A good first step in having one's meat and being proud of it too...4
I have dear friends (in Kansas City, of all places...home of great steaks) who have been vegetarians for 30 years, partly due to the horrors of how our society turns animals into table fare. Susan, the author of this unusual memoir, served a week in a pork plant (I have another friend who works in one of those, but who still eats meat) and became a vegetarian for a month, but couldn't make it stick. I did vegetarian during a five-day visit to my KC friends, but before I even got to my home from the airport I was eating a burger. So I identified with Susan...a lot. This book tries to describe two things: why most humans crave and indulge in meat, despite health risks, and how we might keep it on our menus and yet not enrich the corporations who treat livestock and fowl inhumanely. The answer is obvious: eat meat less often, but indulge in higher quality when we do, purchasing our entrees from those who raise the animals on a small scale, in pastures, and who feed them without filling them full of fattening chemicals. A fuller explanation of how this can be done by those of us not living in large cities or on large budgets must wait until someone writes a sequel to "Meat...a love story" but Susan's work is the necessary background to that effort. If you want to continue eating beef, pork and chicken dishes, but desire to feel less guilty about it, this is the book for you.

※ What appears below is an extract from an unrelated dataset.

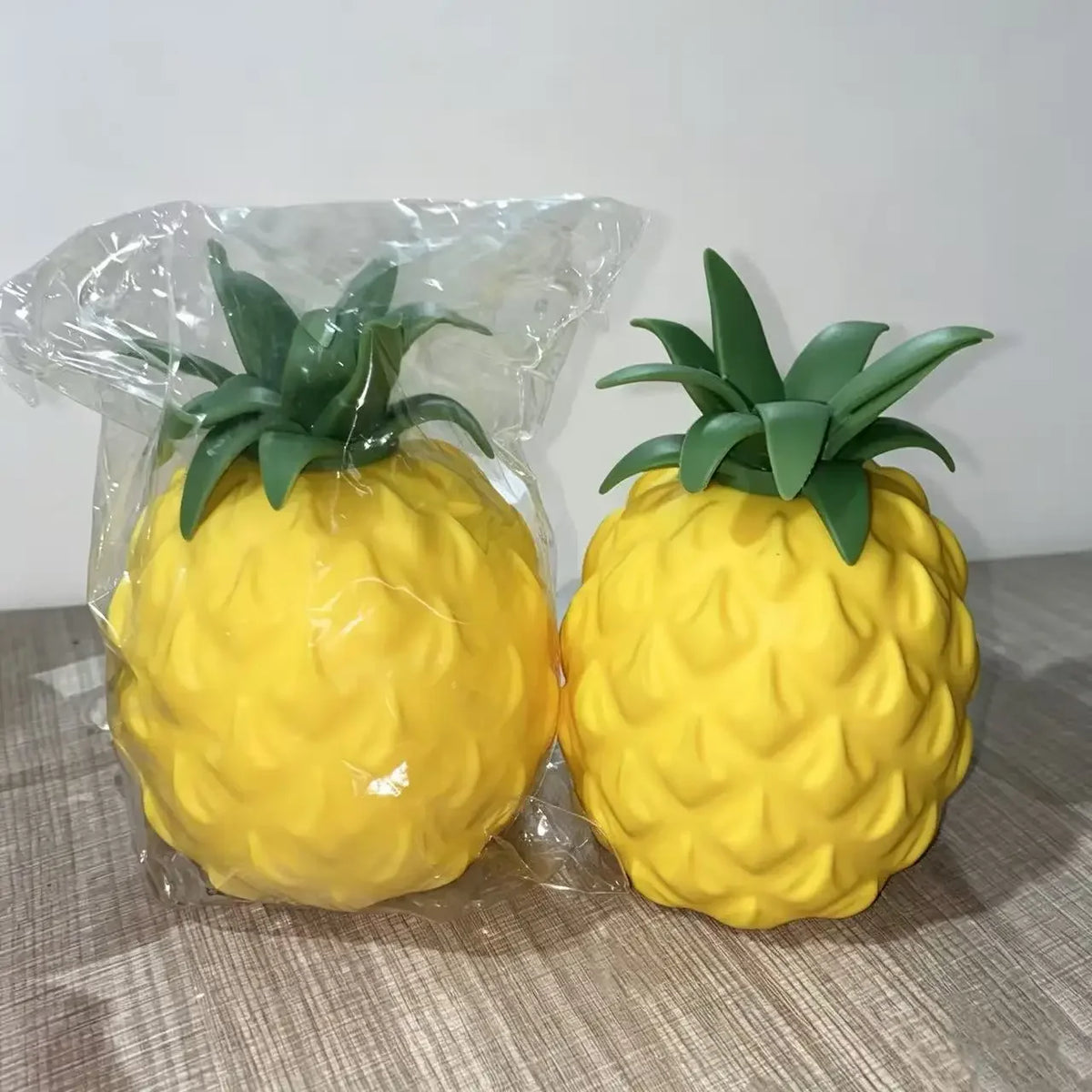Jumbo Pineapple Squishy Stress Ball – Slow-Rising PVC Fidget Toy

Mouth-watering but thought-provoking5
I enjoyed this immensely. Like the author, I tried a vegetarian diet as an act of conscience several times but I have to admit I never felt worse ... even when I tried to follow the guidelines. Bourette's Meat puts meat-eating in North America in a cultural and historical context. It's not a screed against meat-eating though it's critical of the corporate meat industry. (The author's experiences working in a meat plant might have you skipping pork loins for some time.) Bourette's Meat: A Love Story is a call out to meat-eaters--a challenge not to give up meat but rather to eat better meats, to understand and value the origins of the meat on their tables. Bourette goes from cattle ranch and the Rockefellers' organic farm to the shop of a Manhattan celeb-butcher and a trendy butchering class. The raw-meat-eating cult has to be read to be believed--in Aspen of all places. The author went to end of the earth--on an ice floe for a whale hunt in Barrow, Alaska is just about the end of the earth--to find out why we eat meat, what meat means to us, and how we should eat it. It's pretty filling. It will stick to your ribs and stick in your mind long after you read it.

Seeing is Believing4
I raise grass fed beef cattle along with pastured chickens and hogs to supply my family and a network of friends with meat and eggs so nothing in this book surprised me. Five years ago when I lived in the suburbs I ate my share of McD's BK and packaged meat from the supermarket. The difference between the meat I eat now and the stuff I used to put into my system are like day and night. I've seen my family become healthier, more energetic and become skeptical of any meat they do not personally "know" while it is still on the hoof.